→ **Work instruction**: Exclude every picture. Output verbatim the lines from the one containing "Christmas Squeaky Pet" to the end of the data.
***
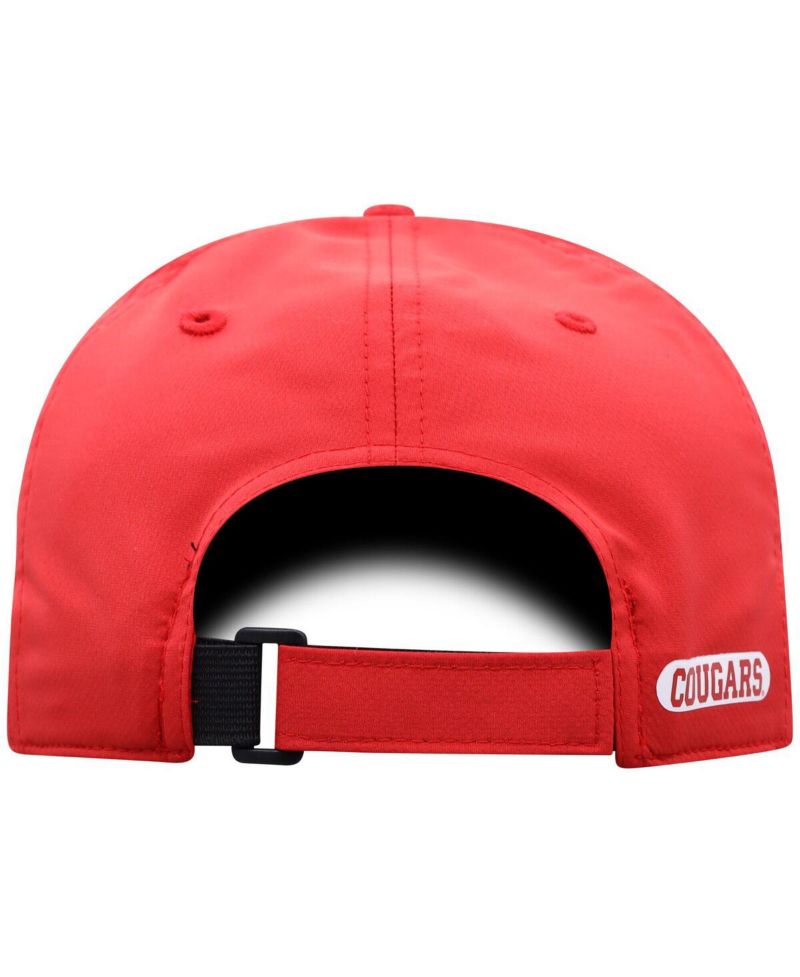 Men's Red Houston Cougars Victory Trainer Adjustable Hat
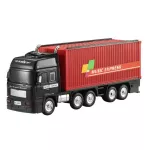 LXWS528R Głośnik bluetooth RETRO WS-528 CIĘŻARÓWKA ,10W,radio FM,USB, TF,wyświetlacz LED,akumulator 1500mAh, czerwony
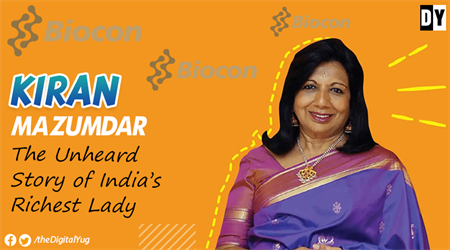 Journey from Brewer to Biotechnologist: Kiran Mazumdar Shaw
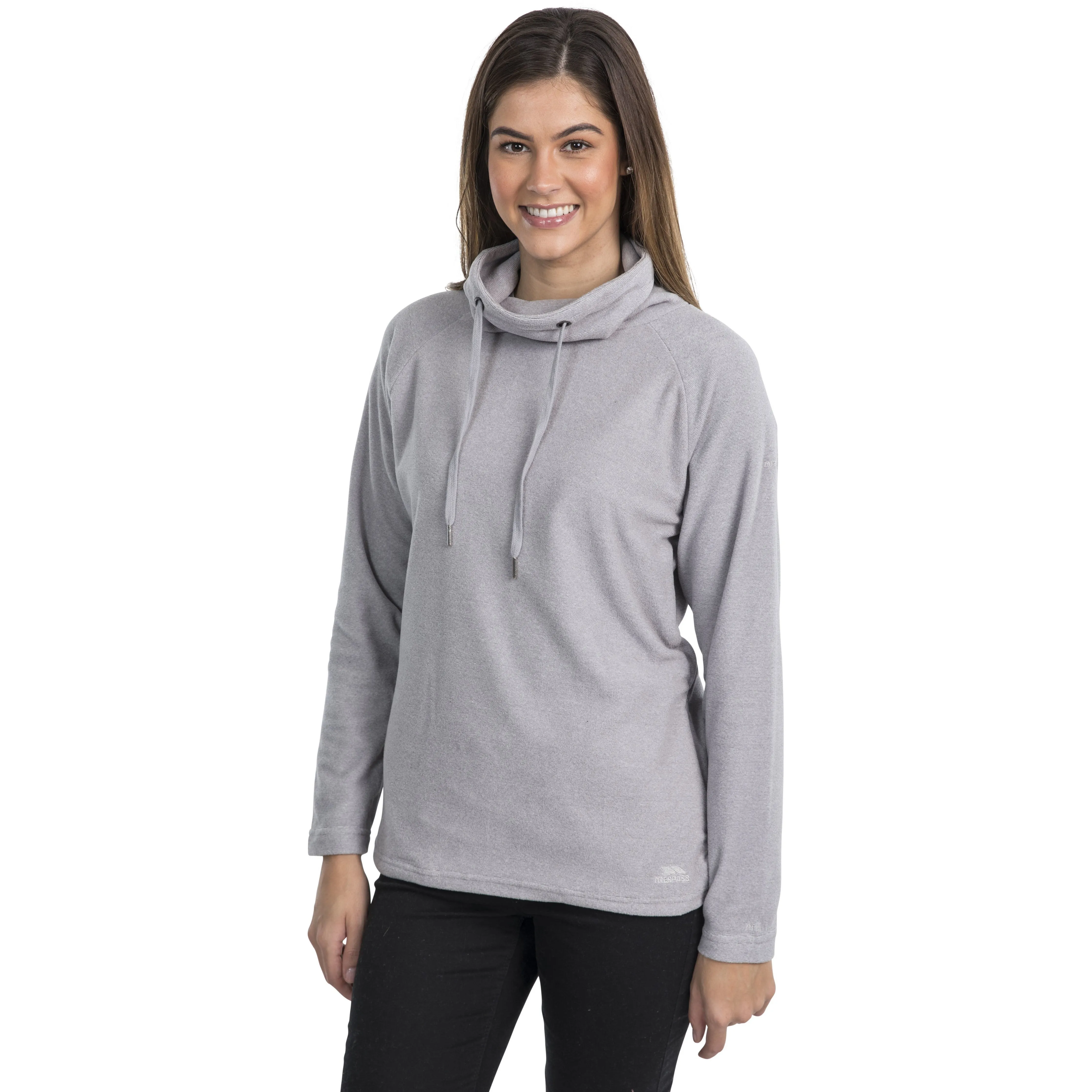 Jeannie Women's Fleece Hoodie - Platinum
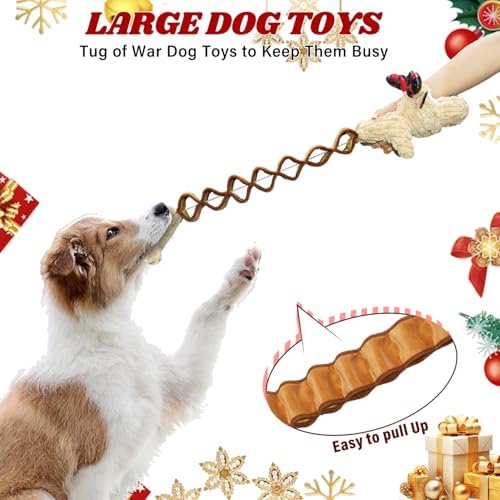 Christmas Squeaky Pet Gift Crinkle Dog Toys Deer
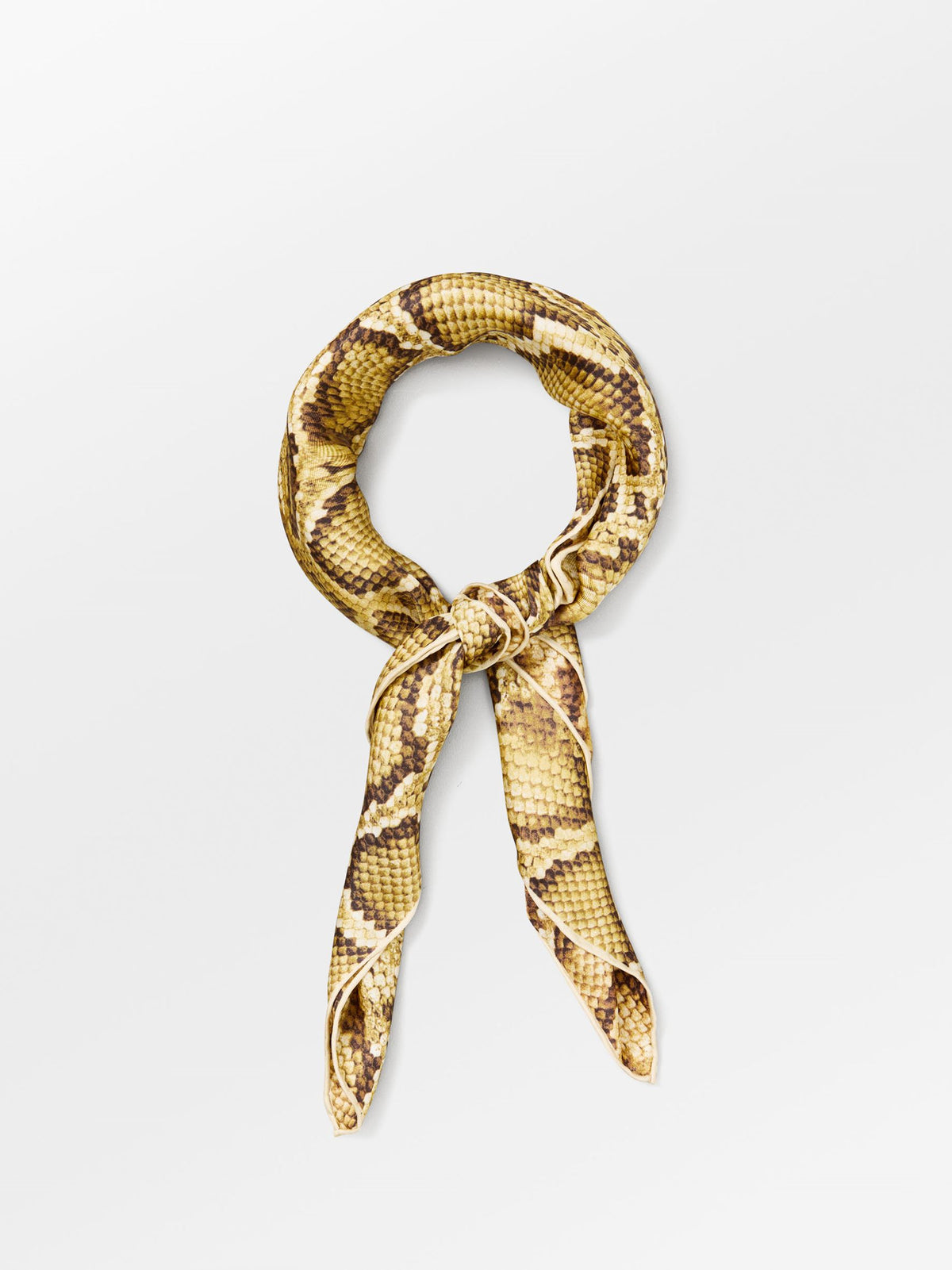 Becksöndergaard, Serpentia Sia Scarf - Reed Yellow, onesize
***
→ **Output for this exercise**:
 Christmas Squeaky Pet Gift Crinkle Dog Toys Deer
 Becksöndergaard, Serpentia Sia Scarf - Reed Yellow, onesize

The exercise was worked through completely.